On Sunday, January 11, 2015 at 4:32:18 PM UTC+13, Fred J. McCall wrote:
Sylvia Else wrote:

On 10/01/2015 11:04 AM, William Mook wrote:
On Friday, January 9, 2015 at 8:32:22 PM UTC+13, Sylvia Else wrote:
On 9/01/2015 4:38 PM, William Mook wrote:

Patent applications are granted after an examination process by
the Intellectual Property Office of New Zealand. The applicant
may not under New Zealand law disclose or publicize in any way
any detail for which patents are being sought.

Convenient for you.

How so? Its actually a damn nuisance, as you pointed out
previously.


But also wrong, I think,

I prefer to take the advice of someone who actually practices IP law
in NZ rather than your gut instinct.


Why would you assume I posted before looking at the relevant legislation?


Why, because I suspect that is what HE does, Sylvia. Start with 'gut
instinct' and then try to argue his way around to why it's correct
when someone calls him on it.



at least once the patent application has been filed.

Once the patent has been issued certainly. Prior to that, no
information that appears in the application can be made public. Now,
those whom you have special relationships with; employees, vendors,
clients, who are told that the information is confidential and agree
to keep its confidentiality, can see information on a need to know
basis.

Care to cite the relevant part of the legislation?

You have already cited the relevant legislation below. Section 76 to
82 discuss when information may be published and the impact of
publication on the patent process.


Those sections relate to obligations on the commissioner to publish
certain information.

The relevant section for publication by you is section 57.

"A patent is not invalidated--

(a) by reason only that the invention, so far as claimed in a
claim, has been made available to the public (whether in New Zealand or
elsewhere) on or after the priority date of the claim by written or oral
description, by use, or in any other way;"

Which is the normal state of affairs. Once you've invented something and
filed your patent application, thus establishing your priority date,
you're free to start commercialising it without waiting for the patent
to be granted, secure in the knowledge that, provided the patent is
eventually granted, your interests are protected.

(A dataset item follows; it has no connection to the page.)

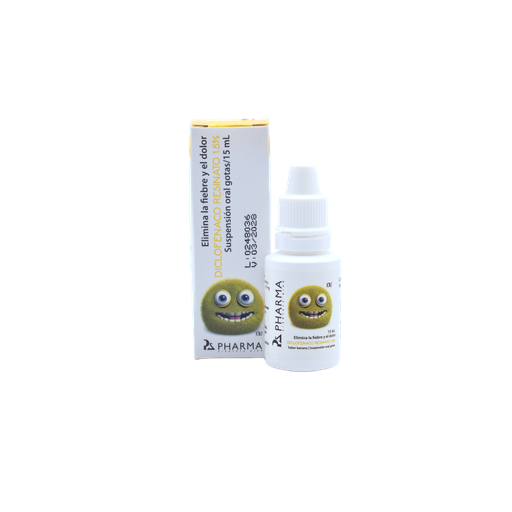 [LB126-023-N-0134] Diclofenaco Resinato 1.5 % Suspension Oral Gotas 15Ml. PS PHARMA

If your IP professional is telling you otherwise, it's time to get
another professional.


Hence all the stuff you see with 'Patent Pending' marked on it. But
Mookie misses stuff like that...

--
"Ignorance is preferable to error, and he is less remote from the
truth who believes nothing than he who believes what is wrong."
-- Thomas Jefferson


Fred believes he knows others so well and fails to look at himself. Typical of someone with his sort of mental disorder.

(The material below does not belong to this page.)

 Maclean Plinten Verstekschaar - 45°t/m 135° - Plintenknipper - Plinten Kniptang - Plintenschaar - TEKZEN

The only thing I presumed was that Sylvia was not as experienced in IP law in NZ as my patent attorney here who has over 20 years experience and told me specifically of the major differences between how the NZ patent office deals with publicity and the US patent office deals with it based on their experience of case law.

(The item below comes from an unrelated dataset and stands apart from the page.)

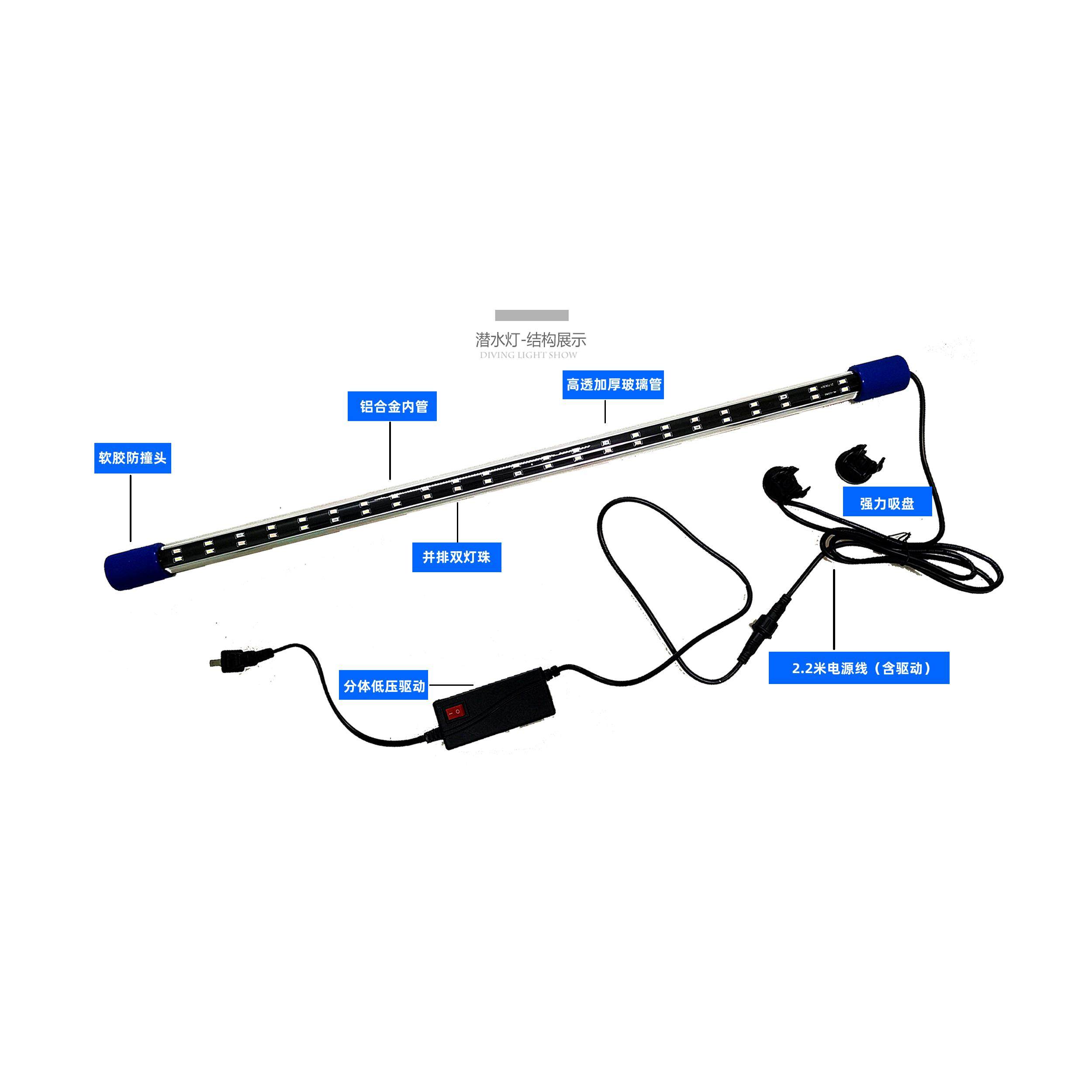 鱼缸灯LED水草照明灯水族箱专用造景灯光红龙鹦鹉鱼防水灯管水陆,宠物/宠物食品及用品,照明器材,淘宝优惠券,粉丝福利购,淘宝优惠卷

I did presume that Sylvia made her statements based not on actual experience in NZ case law, but based upon her gut feeling of things after reading an online recounting of relevant statutes.

That's what she did afaict. That's why she's wrong in her conclusions. That's why, despite her advice, I'm keeping my attorney and following their advice.

Rant all you want Fred about how well you know me ... haha - you don't know a damn thing afaict. Sylvia at least is logical and rational in her commentary.